Your task:
Write an exact copy of the entries below that leaves out all pictures.

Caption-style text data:
___
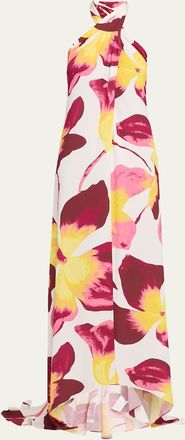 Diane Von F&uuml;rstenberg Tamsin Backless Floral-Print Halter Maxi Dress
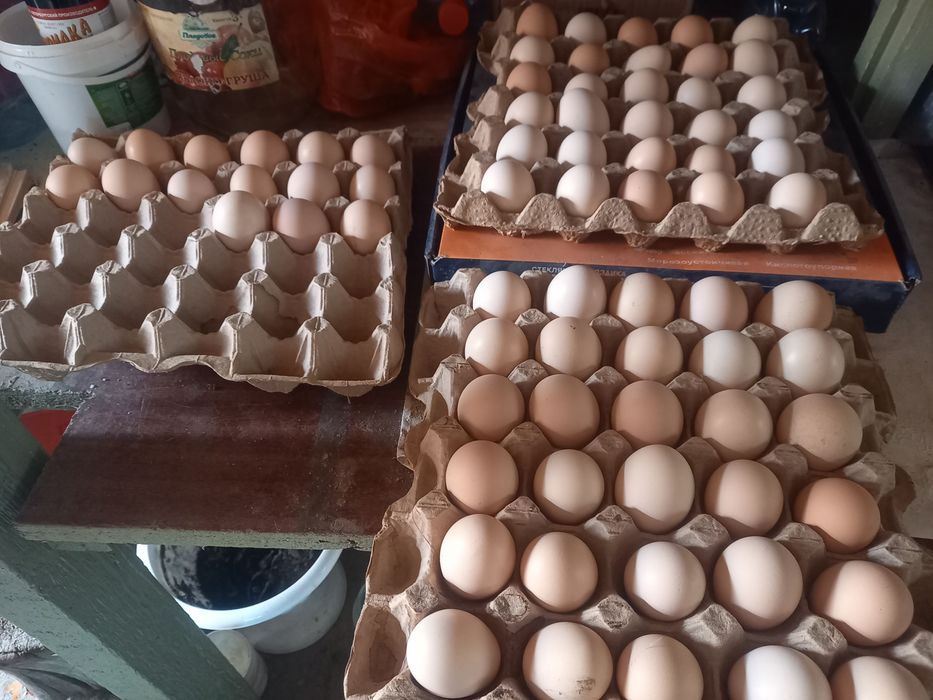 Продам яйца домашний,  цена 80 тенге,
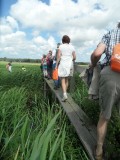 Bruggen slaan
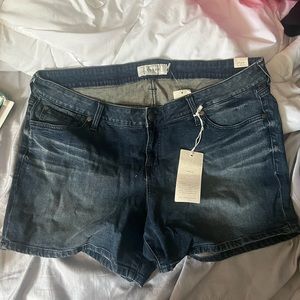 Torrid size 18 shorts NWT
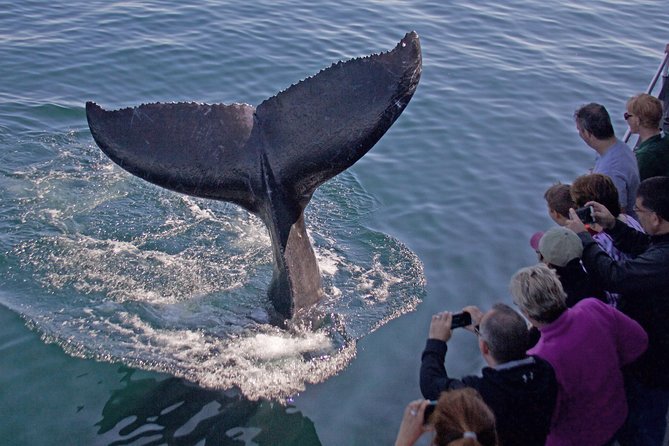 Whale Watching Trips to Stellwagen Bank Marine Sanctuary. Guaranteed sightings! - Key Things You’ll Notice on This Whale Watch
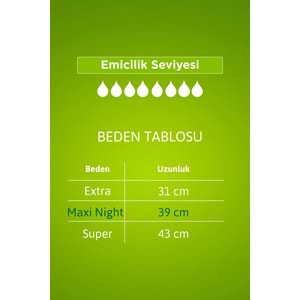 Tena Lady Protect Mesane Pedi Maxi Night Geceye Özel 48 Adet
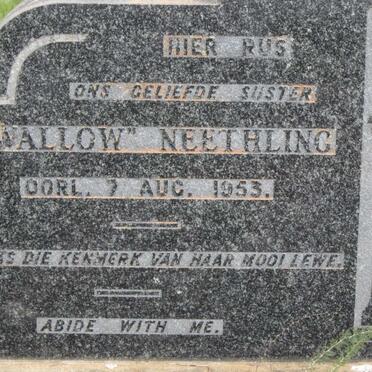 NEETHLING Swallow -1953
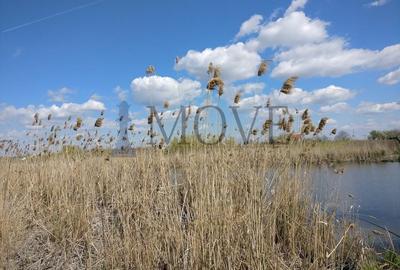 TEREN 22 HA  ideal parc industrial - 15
___
The completed task:
 Diane Von F&uuml;rstenberg Tamsin Backless Floral-Print Halter Maxi Dress
 Продам яйца домашний,  цена 80 тенге,
 Bruggen slaan
 Torrid size 18 shorts NWT
 Whale Watching Trips to Stellwagen Bank Marine Sanctuary. Guaranteed sightings! - Key Things You’ll Notice on This Whale Watch
 Tena Lady Protect Mesane Pedi Maxi Night Geceye Özel 48 Adet
 NEETHLING Swallow -1953
 TEREN 22 HA  ideal parc industrial - 15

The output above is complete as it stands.